It’s an assignment in inventory ABC classification and supply chain management.
The difficulty is using and implementing a Differential Evolution algorithm to generate/optimize Criteria Weight (values) using “Excel Optimization” of the attached research paper entitled as (A new hybrid multi-criteria ABC inventory classification model based on Differential Evolution and Topsis).
I kindly request you to help by providing me with a clear illustrative implementation (step by step excel optimization solution and notes). Use Excel Optimization to generate criteria weights (values) of the two data-sets, and based on the three criteria namely as Average Unit Cost (AUC), Annual Dollar Usage (ADU) and Lead Time in day (LT).
Note: Three full texts of research papers are attached…
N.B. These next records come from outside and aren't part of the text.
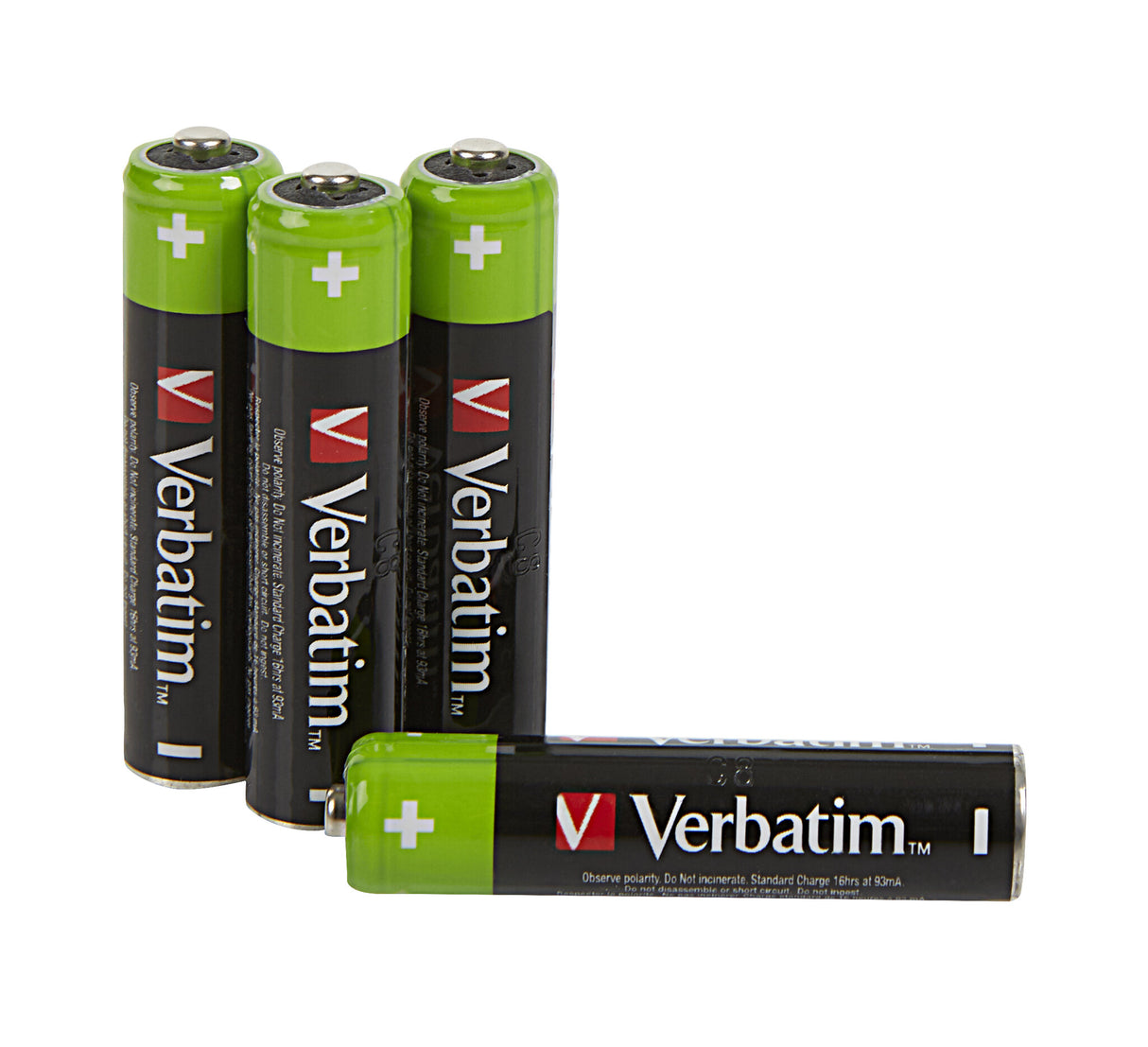 Verbatim 49514 household battery Rechargeable battery AAA Nickel-Metal Hydride (NiMH)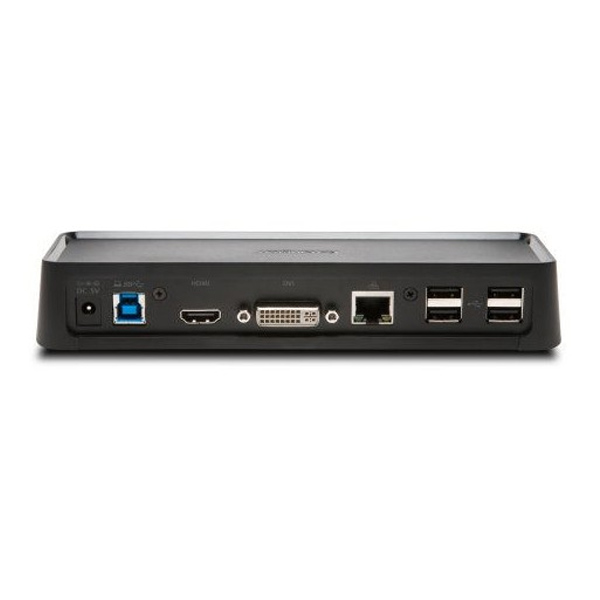 KENSINGTON - DOCKING STATION SD3600 DUAL VIDEO USB 3.0 Y 2.0 (27168-K33991WW)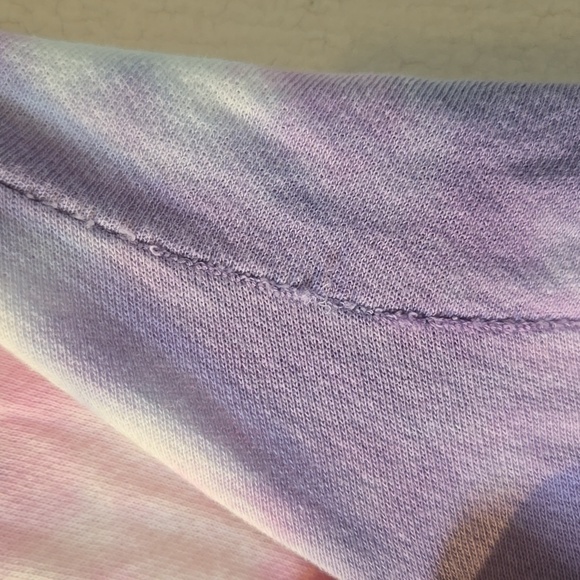 NWT Lauren Moshi Anissa Tye-dye Tongue hoodie - Picture 8 of 8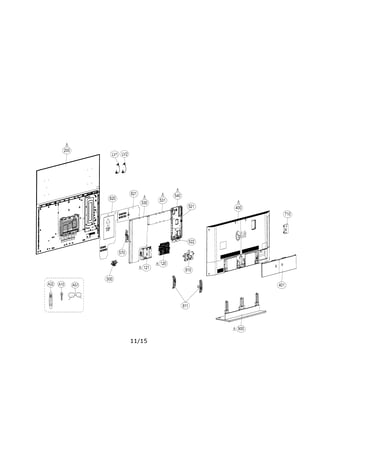 Exploded view parts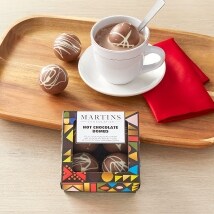 Martin’s Chocolatier 4-Pack Hot Chocolate Bombs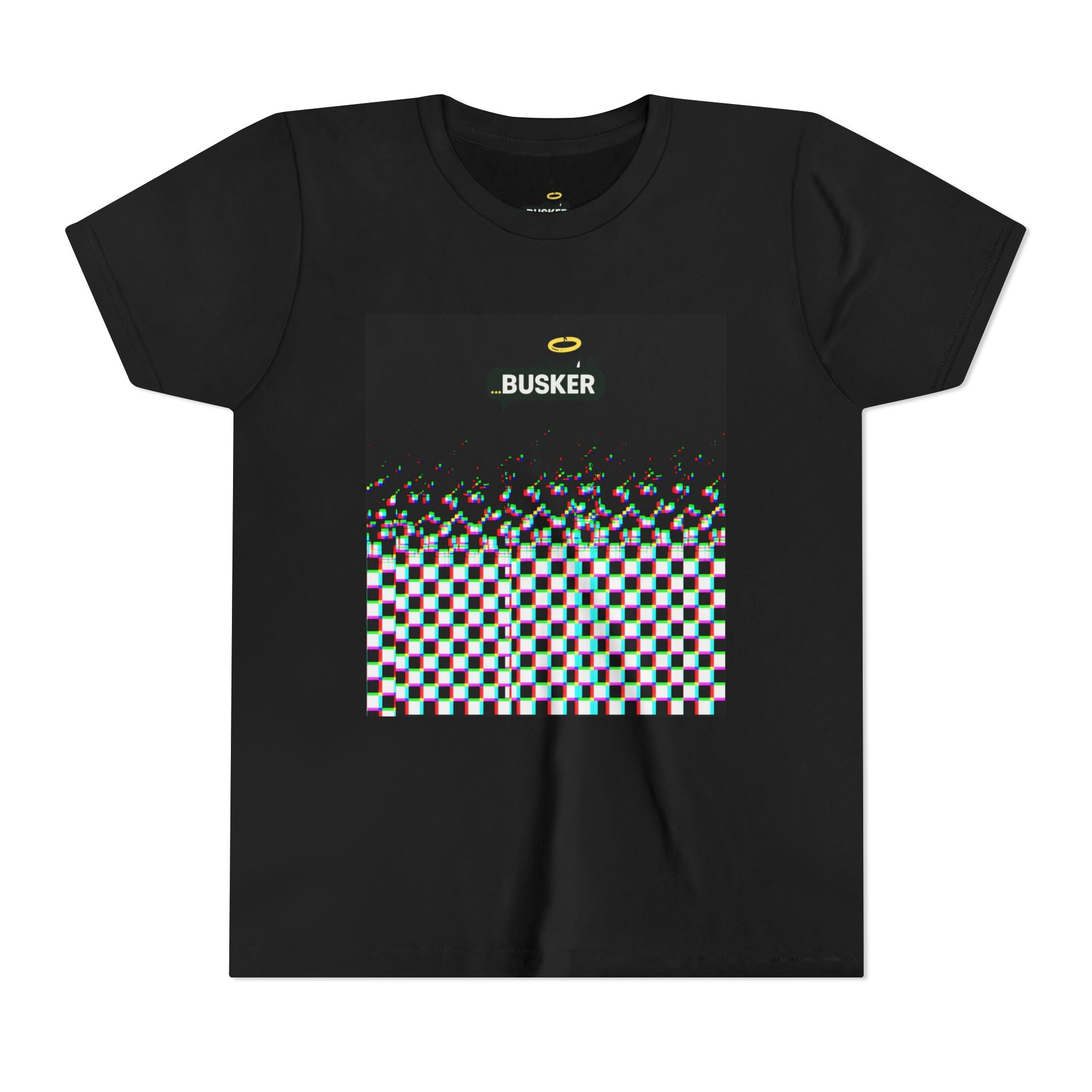 Cool Busker Youth Tee, Street Style Youth T-Shirt, Graphic Tee for Kids, Hipster Summer Shirt, Unique Gift for Young Musicians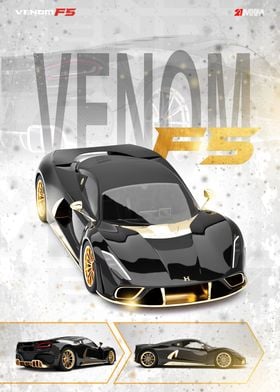 Hennessey Venom F5 2021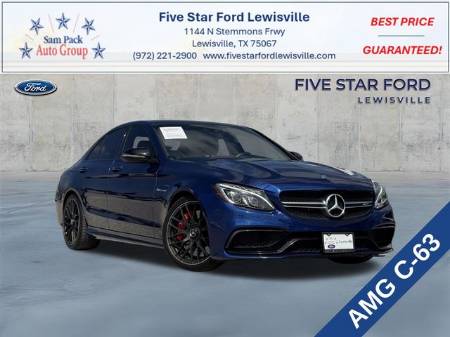 2018 Mercedes-Benz C-Class C 63 S AMG®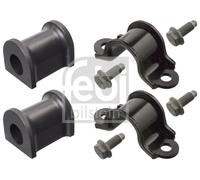 FEBI BILSTEIN Repair Kit, stabilizer suspension 106260 Rear Axle with holder with bolts/screws VOLKSWAGEN: Caddy 3, CADDY 4 Kasten, CADDY 4 Kombi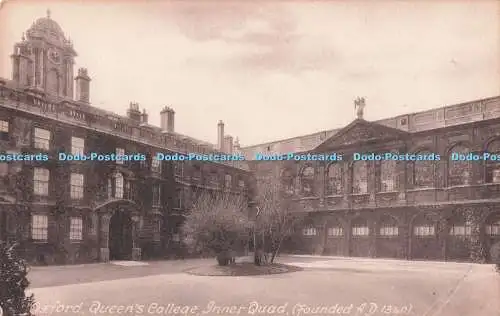 R710367 Oxford. Queens College. Innenquad. F. Frith. Reigate. Nr. 64096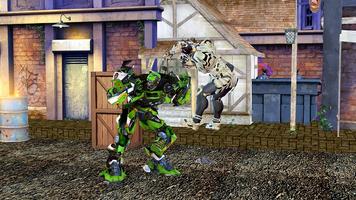 Modern Robot Fighting Games اسکرین شاٹ 2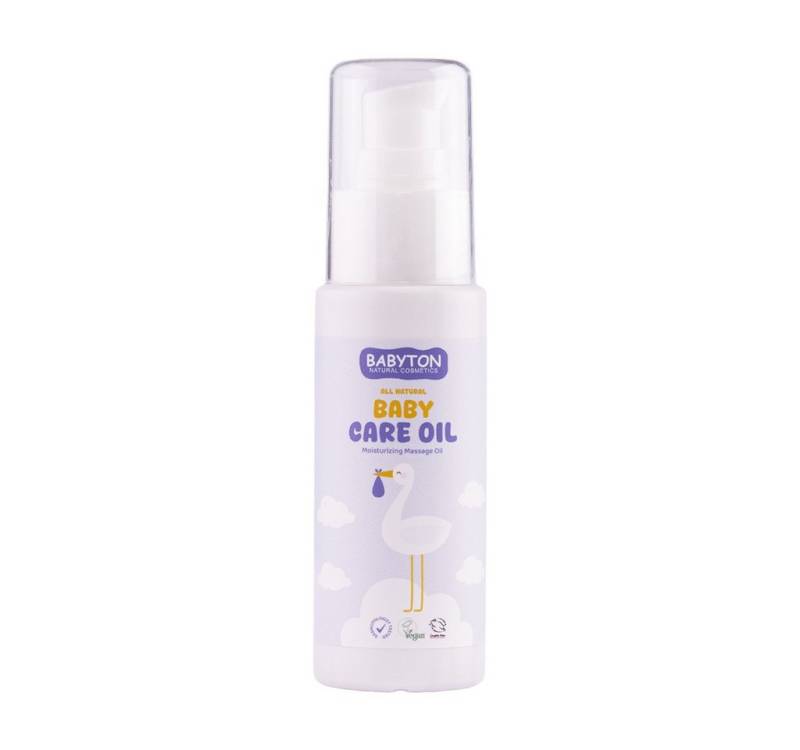 Babyton Körpercreme Babyton Baby Pflegeöl 50 ml, für empfindliche Haut von Babyton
Main source: A new hybrid multi-criteria ABC inventory classification model based on Differential Evolution and Topsis
1st supported source: On rank reversal and TOPSIS method
2nd supported source: A comparative study of MCIC.
Send me back the attached excel file including the detailed steps/ necessary notes of using DE to infer criteria weight for the case of:
Sheet 1 and 2 of Excel file including two data-sets of 47 and 1500 inventory items is attached using (equal weight technique) since the obstacle is how to used DE to optimize CWs so we can then apply them to TOPSIS…
finally my question is:
Based on for the two data-sets, would values of the generated criteria weights via DE be changeable depending on the size of decision matrix (e.g:47 items vs 2000 items or 200,000 items)?